*The records*

------------------------------

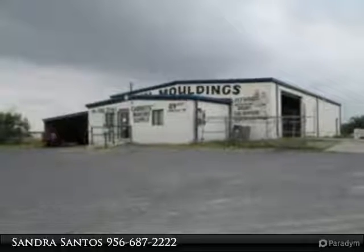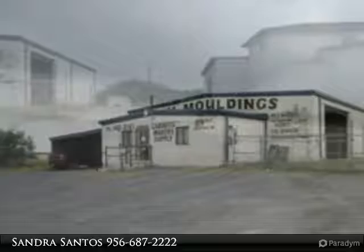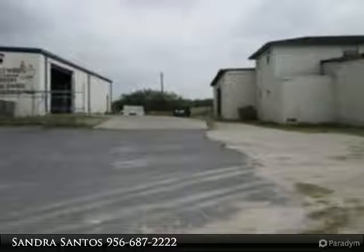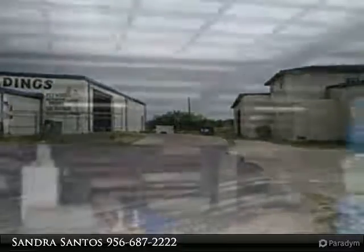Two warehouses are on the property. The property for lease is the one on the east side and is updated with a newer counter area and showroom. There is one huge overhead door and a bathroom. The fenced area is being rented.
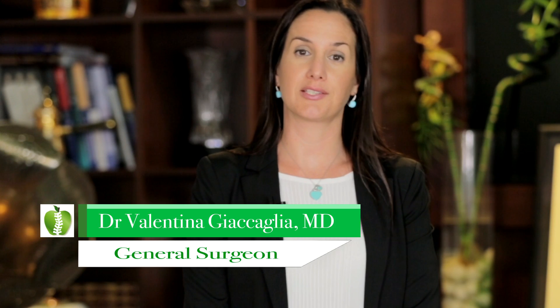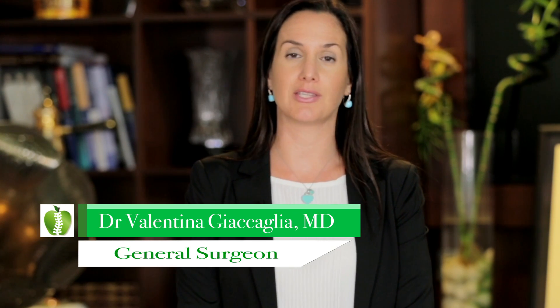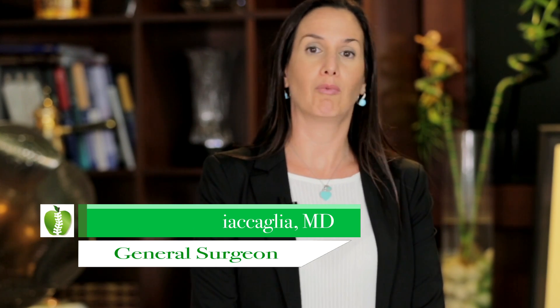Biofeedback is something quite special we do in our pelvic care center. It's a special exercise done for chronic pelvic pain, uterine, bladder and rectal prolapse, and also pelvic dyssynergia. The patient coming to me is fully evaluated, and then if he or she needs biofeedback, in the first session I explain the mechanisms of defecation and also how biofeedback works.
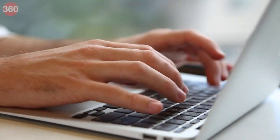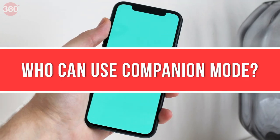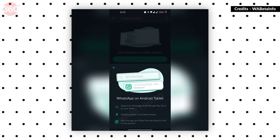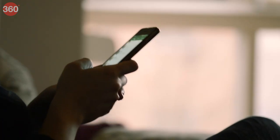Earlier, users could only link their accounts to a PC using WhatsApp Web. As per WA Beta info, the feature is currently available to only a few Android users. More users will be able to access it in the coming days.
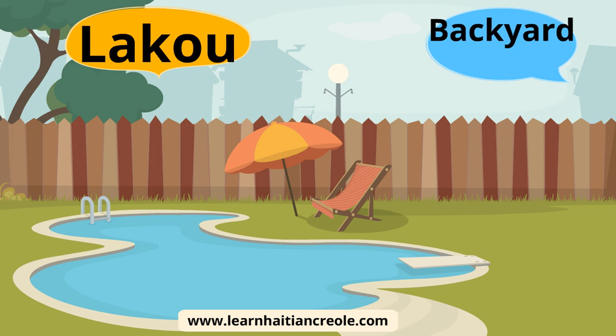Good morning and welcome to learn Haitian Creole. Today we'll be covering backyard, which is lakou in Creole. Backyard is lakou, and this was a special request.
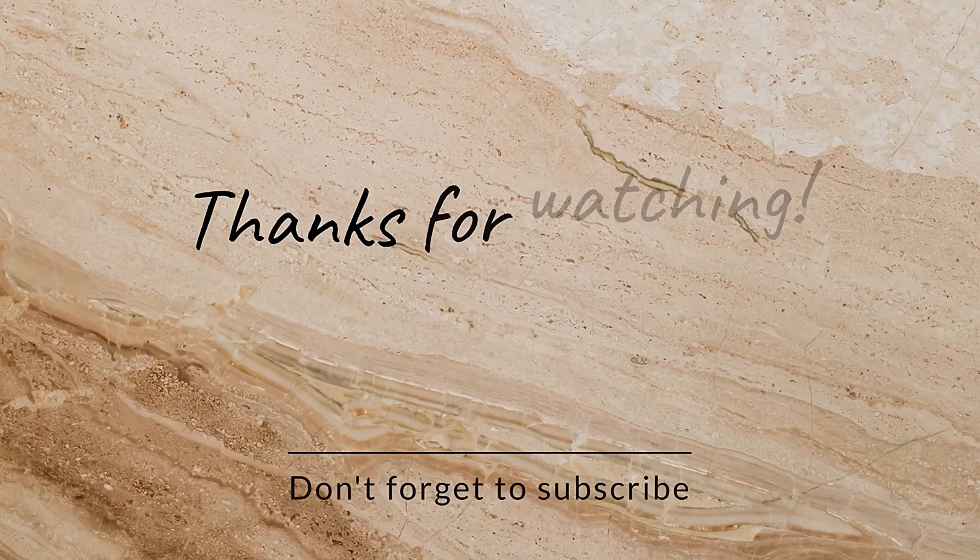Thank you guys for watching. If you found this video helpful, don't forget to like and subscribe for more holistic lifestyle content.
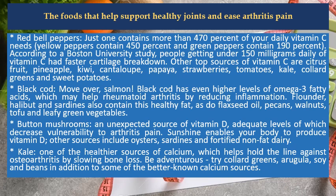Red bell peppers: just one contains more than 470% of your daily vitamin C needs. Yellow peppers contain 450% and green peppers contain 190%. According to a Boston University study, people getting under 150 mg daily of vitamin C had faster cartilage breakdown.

------------------------------

*What is needed*
Starting at the line that contains "Earlier, users could", output every line through the end of the data, both ends included, and nothing else; pictures stay out.

*Task result*
Earlier, users could only link their accounts to a PC using WhatsApp Web. As per WA Beta info, the feature is currently available to only a few Android users. More users will be able to access it in the coming days.
Good morning and welcome to learn Haitian Creole. Today we'll be covering backyard, which is lakou in Creole. Backyard is lakou, and this was a special request.
Thank you guys for watching. If you found this video helpful, don't forget to like and subscribe for more holistic lifestyle content.
Red bell peppers: just one contains more than 470% of your daily vitamin C needs. Yellow peppers contain 450% and green peppers contain 190%. According to a Boston University study, people getting under 150 mg daily of vitamin C had faster cartilage breakdown.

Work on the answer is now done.